Burberry отрицают влияние новой схемы на увеличение избыточности производства. В абсолютную полярность явлений верится слабо, но, надо отметить, что с приходом нового креативного директора бренд вернется к обычному режиму работы (почти). Лишь некоторые вещи из дебютной коллекции Рикардо Тиши для Burberry, которую он представит в сентябре, можно будет купить сразу. Все остальное поступит в продажу не раньше февраля.

Что дальше?

Как сказала Урсула де Кастро, дизайнер, сооснователь движения Fashion Revolution, в беседе с Dazed — «Пока мода продолжает развиваться, избытки будут возникать». По ее словам, многое утилизируется еще в процессе производства, а уничтожение готового продукта — это еще не вся проблема. Неиспользованные ткани и фурнитуру тоже уничтожают, чтобы они никому больше не достались и не подпортили бренду репутацию. А полностью этичного и безвредного для окружающей среды способа это делать еще не придумали.

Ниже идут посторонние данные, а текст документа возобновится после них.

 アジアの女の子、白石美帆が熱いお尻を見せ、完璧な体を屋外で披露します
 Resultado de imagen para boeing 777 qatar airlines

Индустрия моды вряд ли в ближайшее время возьмет и просто встанет на путь разумного потребления. Консьюмеризм играет на пользу бизнеса, а не наоборот, и от этого никуда не деться. Fast fashion — впереди планеты всей. А люкс хочет оставаться люксом. Лучшее решение — прозрачность. Если бренды, по примеру Burberry или Richemont, будут говорить об этом открыто, будет появляться все больше креативных проектов вроде Hermès Petit H. Поиски разумного решения пойдут активнее. Молчание, может быть, и золото, но точно не в данном случае.